WELCOME RIDERS: Eric Bittner said Tourism North East and Wangaratta Bicycle Reference Group were promoting cycling. Picture: SIMON BAYLISS
WELCOME RIDERS: Eric Bittner said Tourism North East and Wangaratta Bicycle Reference Group were promoting cycling. Picture: SIMON BAYLISS

Cycling enthusiast Eric Bittner was “blown away” when Jim Freeman and a friend stopped by his Wangaratta business Cafe Derailleur during their biking travels across the North East.

They had already ridden from Euroa to Mount Buller, down a four-wheel drive track to Whitfield, over to Bright via Cheshunt and across Lake Buffalo.

A few hours later Jim would be dead, hit by a car while riding on a straight stretch of on Benalla-Yarrawonga Road near Devenish at 4.30pm on March 25. Benalla was planned as his final stop before catching the train back home.

Police have not revealed exactly how the car came to hit the cyclist and the incident was still being looked into by the Major Crash Investigation Unit.

“Ironically, Jim’s death occurred in the same week that the Andrews government refused to legislate the minimum passing distance (a metre matters) law,” Mr Bittner said. 

“We’ll never know if a metre matters would have saved Jim, but you can bet that if Victoria had safe cycling legislation, more drivers would leave a wider berth and the road would be safer for people who pedal.”

Jim was a Melbourne Bicycle Touring Club member who had ridden in tours across the US, China and New Zealand.

He was remembered as a very active and popular club member, attending many rides and always helping others to discover the joys of bicycle touring.

Mr Bittner and his wife moved to Wangaratta in part because of the great cycling on offer and set up Cafe Derailleur as a cyclist-friendly location.

“There are plenty of people in the North East banking on our region pedalling itself to prosperity – we already have the southern hemisphere’s longest rail trail and soon it will be complemented by a new cycling trail linking Wangaratta, the Warby Ranges and Winton Wetlands,” he said.

“So, when bike riders visit our cafe we welcome them, because we know that cycling’s as healthy for the waistline as it is for our local economy.

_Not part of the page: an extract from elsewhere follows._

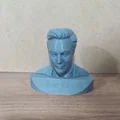 Mô hình in 3D tượng bán thân Elon Musk trang trí đẹp mắt - Thumbnail 3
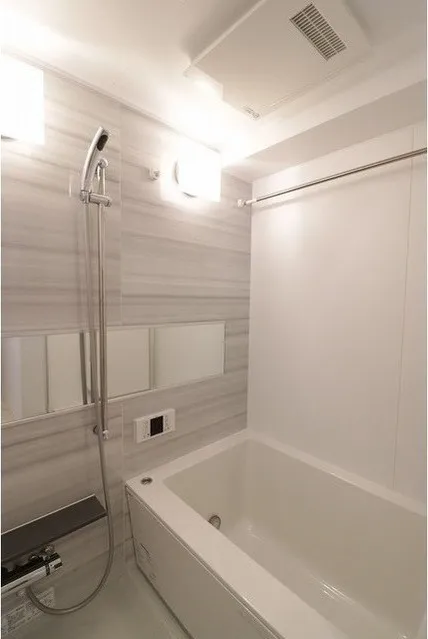 Demes Higashi Shinjuku - Interior - ["Bathtub", "Plumbing fixture", "Bathroom"]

We also want them to be safe so we point out the best rides, roads and routes and highlight other cycle-friendly eating places.”

Mr Bittner has called on the Victorian government to listen to the cycling community and make it illegal for motorists to get within one metre when passing a bike.

“Lives will be saved, parents will find it easier to wave their sons and daughters off to school on their bikes, novice cyclists will feel less intimidated by cars and more encouraged to get moving, knowing it’s safe,” he said.

“More people will join the cycling community and discover its social benefits.”